And then they add the final plot element, which is what’s supposed to make us think Roarke is worthy of sympathy.  It turns out that the whole thing is actually the fantasy of one of them, the bullied woman, Melanie.  It turns out that she was supposed to go on a date with a guy, the first guy that ever really seemed to like her — and since she’s played by Lucy Hale that’s … a bit implausible — and he didn’t show up for their date because he died in a fire, and all of the other guests had a role in his dying in that fire:  one accidentally started it, his two roommates thought he was out and didn’t check on him, and the last was a police officer who didn’t go into the building to get him out.  So she crafted a fantasy to let her get revenge on everyone who she feels ruined her life, including her high school bully.  So, ultimately, she’s the main villain and the one responsible for all the issues here, which opens the door to exonerate the island and Roarke, which is important because at the end Roarke lets his wife go, recruits a “Tattoo” from the guests, and it appears that the island will go on as it isn’t destroyed.  So in order for that to seem like the hopeful ending that the movie sets it up as, we have to consider the island and Roarke to be at least neutral if not good or potentially good.

Except they both went along with Melanie’s rather horrific fantasy.  There is no indication that they were in any way forced into doing that and that she tricked them into it.  In fact, in order to pull her fantasy off they had to bring real people there deliberately instead of using some sort of odd simulcra like they used for the other fantasies.  So not only is this an evil fantasy, and not only does it involve other people, it in fact involves other real people which is not how most of the other fantasies have actually worked.  So they essentially had to break the rules to provide her fantasy, and Roarke is established as caring about and having to follow the rules.  This, then, is inconsistent.

Also, Melanie might well be more sympathetic than they are.  Yes, arguably she’s psychopathic to want that sort of fantasy, but what she really needed was for people to acknowledge the bullying and for her to be shown that she isn’t the loser that she thinks she is.  They should never have indulged her fantasy, at least not by letting her get her revenge in real life.  And this also leads to an issue with the ending.  The woman who bullied Melanie is revealed to be technically a guest, and after drinking the water gets a fantasy.  The fantasy is to reunite Melanie with Nick, the guy who died.  Except that in horror fashion he’s a burned corpse who drags her into the pool to drown her, giving her a true horror ending.  First, that sort of ending would work as a tragic death, and Melanie at this point is supposed to be the main villain.  Second, the island had already established that it could bring people back to life, so bringing him back to life would not only allow for a better ending for Melanie — although he might still reject her so she would go berserk and be killed for that — but would also allow all of them to let go of their regrets for letting him get killed in the first place.  The full ending establishes that people can be given life back if the person who had the fantasy stays on the island, so they could have arranged something like that and built a better ending.  Melanie, for example, could have been the one who stays to keep him alive, or the bully could have done that to redeem herself for her bullying.

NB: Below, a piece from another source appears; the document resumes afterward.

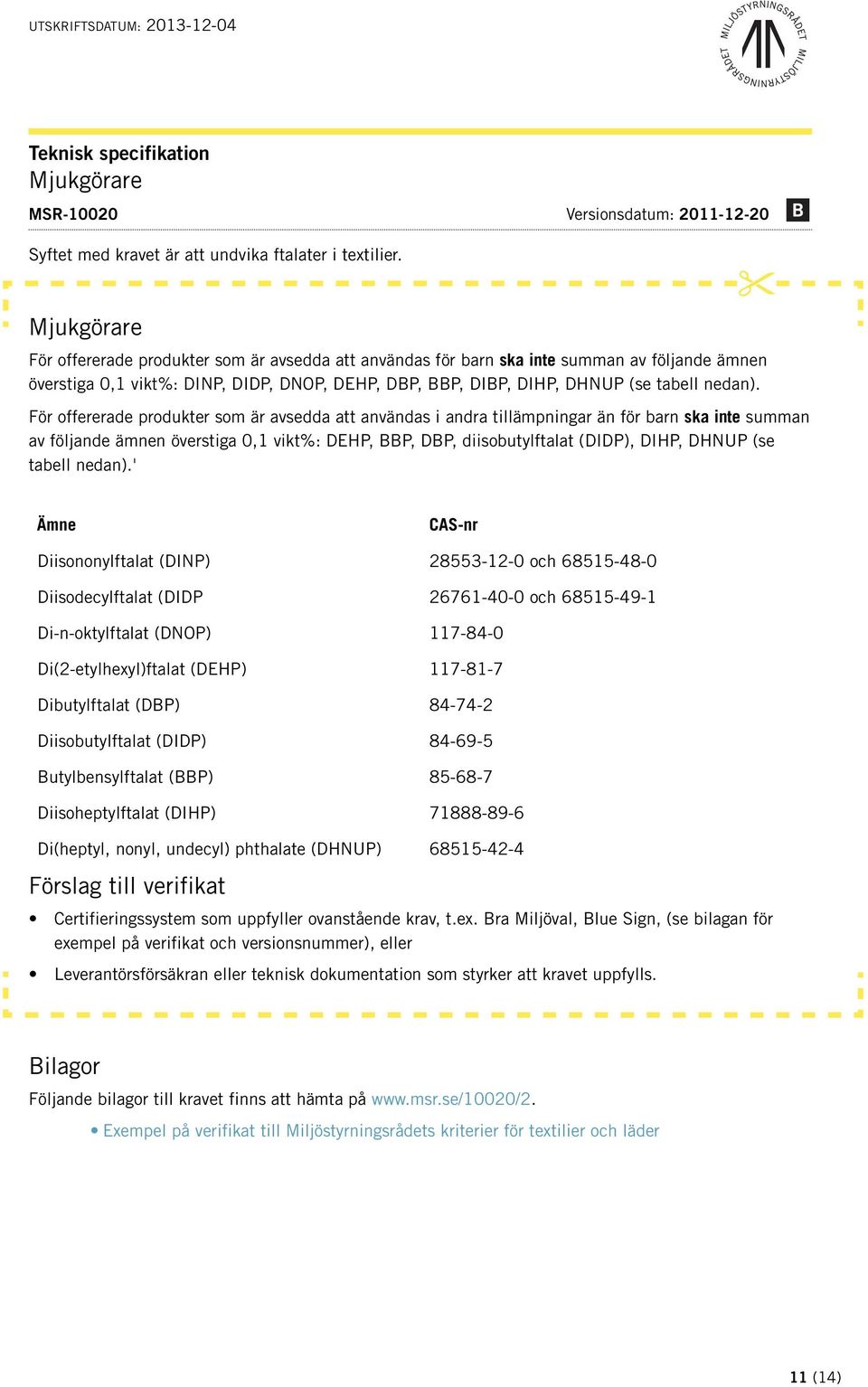 För offererade produkter som är avsedda att användas i andra tillämpningar än för barn ska inte summan av följande ämnen överstiga 0,1 vikt%: DEHP, BBP, DBP, diisobutylftalat (DIDP), DIHP, DHNUP (se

As it is, the movie ends on a message with the one woman character not feeling any regrets for not saving Nick, and telling the bully that the important thing is that she forgives herself, and not to, you know, make up for her past or try to be better in the future, which is a terrible message from a character who was actually feeling appropriate regret for having done something wrong and whose arc was to find a way to put those regrets behind her.  Well, I guess ignoring them and convincing yourself that you have nothing to feel sorry for is a way to do that.

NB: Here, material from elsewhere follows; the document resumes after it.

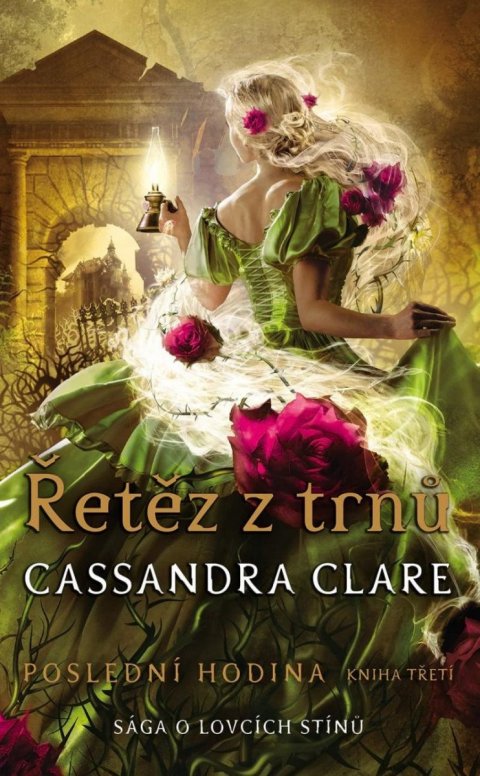 Clareová Cassandra: Řetěz z trnů - Poslední hodina 3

Ultimately, that’s the issue with the movie:  it’s a muddled mess.  There are multiple plotlines, which don’t play well together.  There are multiple twists that, again, don’t play well together.  And because of all of that, and because the movie is still around an hour and a half, the set-ups take up a lot of time that could have been used to develop any one of them properly.  The movie would have benefited from a much simpler and more direct plot, which is one reason why I really like the Silent Hill idea.

That being said, one thing the movie does really well is drop hints about the final twist that you can pick up after you find out about it.  Melanie’s fantasy is the only one that contains a real person.  She insists on filming it with her camera and then uses that to prove that she was helping her bully, giving her a reason to be acting even she was technically alone.  Roarke comes across her with one of the other guests and asks for privacy, until she tells him what she told him so that it would be okay.  And there are some that I don’t remember right now, and I’m pretty sure that if I watched it again I’d find some more.  While the plot itself doesn’t work, the movie does do a good job of hinting at it while not revealing it.

But … I don’t think I’ll watch it again.  Roarke doesn’t have charisma to make me want to watch him, and all the other plots are too split to be interesting.  They tried to have three plots along with four fantasies and didn’t have the time to do any of them justice.  As noted above, a simpler plot that built the fantasies directly into it would have worked better and avoided the wasted time.  As it is, not even Lucy Hale could make me interested in watching it again, so I’ll put it in the box of things to maybe sell later.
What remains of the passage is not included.